#### Dataset records ####
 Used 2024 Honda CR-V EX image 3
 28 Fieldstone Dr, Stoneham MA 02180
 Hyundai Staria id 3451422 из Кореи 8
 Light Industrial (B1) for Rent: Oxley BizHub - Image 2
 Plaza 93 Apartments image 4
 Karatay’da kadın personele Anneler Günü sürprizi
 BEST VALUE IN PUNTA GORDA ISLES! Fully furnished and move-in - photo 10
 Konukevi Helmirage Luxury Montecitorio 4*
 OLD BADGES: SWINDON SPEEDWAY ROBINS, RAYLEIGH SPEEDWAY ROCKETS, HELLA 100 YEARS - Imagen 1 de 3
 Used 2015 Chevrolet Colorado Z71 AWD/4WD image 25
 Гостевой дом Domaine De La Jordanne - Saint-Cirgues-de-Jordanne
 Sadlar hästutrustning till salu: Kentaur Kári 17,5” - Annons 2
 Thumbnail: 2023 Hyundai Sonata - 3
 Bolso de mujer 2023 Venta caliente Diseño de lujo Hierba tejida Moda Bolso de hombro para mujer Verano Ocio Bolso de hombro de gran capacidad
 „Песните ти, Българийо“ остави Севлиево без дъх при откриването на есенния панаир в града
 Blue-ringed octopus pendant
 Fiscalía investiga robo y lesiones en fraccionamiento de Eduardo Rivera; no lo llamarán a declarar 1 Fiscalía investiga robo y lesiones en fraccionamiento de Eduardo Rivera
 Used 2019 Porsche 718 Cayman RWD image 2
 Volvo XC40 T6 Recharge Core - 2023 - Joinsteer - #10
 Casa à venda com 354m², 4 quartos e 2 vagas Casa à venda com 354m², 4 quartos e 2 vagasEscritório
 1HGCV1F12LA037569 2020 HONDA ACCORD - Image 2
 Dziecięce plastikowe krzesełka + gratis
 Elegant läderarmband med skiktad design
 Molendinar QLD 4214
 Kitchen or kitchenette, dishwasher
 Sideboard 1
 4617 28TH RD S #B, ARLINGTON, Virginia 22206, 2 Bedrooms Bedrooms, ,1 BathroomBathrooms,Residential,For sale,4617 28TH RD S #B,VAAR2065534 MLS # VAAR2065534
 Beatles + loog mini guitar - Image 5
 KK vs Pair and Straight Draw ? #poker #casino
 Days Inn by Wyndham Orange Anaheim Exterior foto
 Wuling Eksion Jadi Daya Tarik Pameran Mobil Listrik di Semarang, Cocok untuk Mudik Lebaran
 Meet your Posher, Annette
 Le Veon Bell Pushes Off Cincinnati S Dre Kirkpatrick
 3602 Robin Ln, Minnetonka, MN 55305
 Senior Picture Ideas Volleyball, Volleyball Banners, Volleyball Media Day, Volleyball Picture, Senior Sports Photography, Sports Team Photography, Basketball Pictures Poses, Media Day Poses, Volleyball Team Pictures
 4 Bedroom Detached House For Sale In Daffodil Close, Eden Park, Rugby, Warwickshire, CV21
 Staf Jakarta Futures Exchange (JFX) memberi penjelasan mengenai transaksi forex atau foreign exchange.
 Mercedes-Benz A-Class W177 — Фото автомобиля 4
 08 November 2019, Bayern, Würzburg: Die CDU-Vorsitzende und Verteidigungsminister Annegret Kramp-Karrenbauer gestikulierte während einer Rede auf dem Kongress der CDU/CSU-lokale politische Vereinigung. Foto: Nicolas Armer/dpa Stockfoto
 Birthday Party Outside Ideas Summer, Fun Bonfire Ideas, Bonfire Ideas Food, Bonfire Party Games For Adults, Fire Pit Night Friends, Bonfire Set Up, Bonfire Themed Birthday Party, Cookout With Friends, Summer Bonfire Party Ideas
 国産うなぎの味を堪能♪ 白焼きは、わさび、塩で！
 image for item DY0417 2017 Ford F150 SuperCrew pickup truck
####
Above are the records; repeat exactly the lines from the one holding "Meet your Posher, Annette" down to the one holding "4 Bedroom Detached", end lines included.

 Meet your Posher, Annette
 Le Veon Bell Pushes Off Cincinnati S Dre Kirkpatrick
 3602 Robin Ln, Minnetonka, MN 55305
 Senior Picture Ideas Volleyball, Volleyball Banners, Volleyball Media Day, Volleyball Picture, Senior Sports Photography, Sports Team Photography, Basketball Pictures Poses, Media Day Poses, Volleyball Team Pictures
 4 Bedroom Detached House For Sale In Daffodil Close, Eden Park, Rugby, Warwickshire, CV21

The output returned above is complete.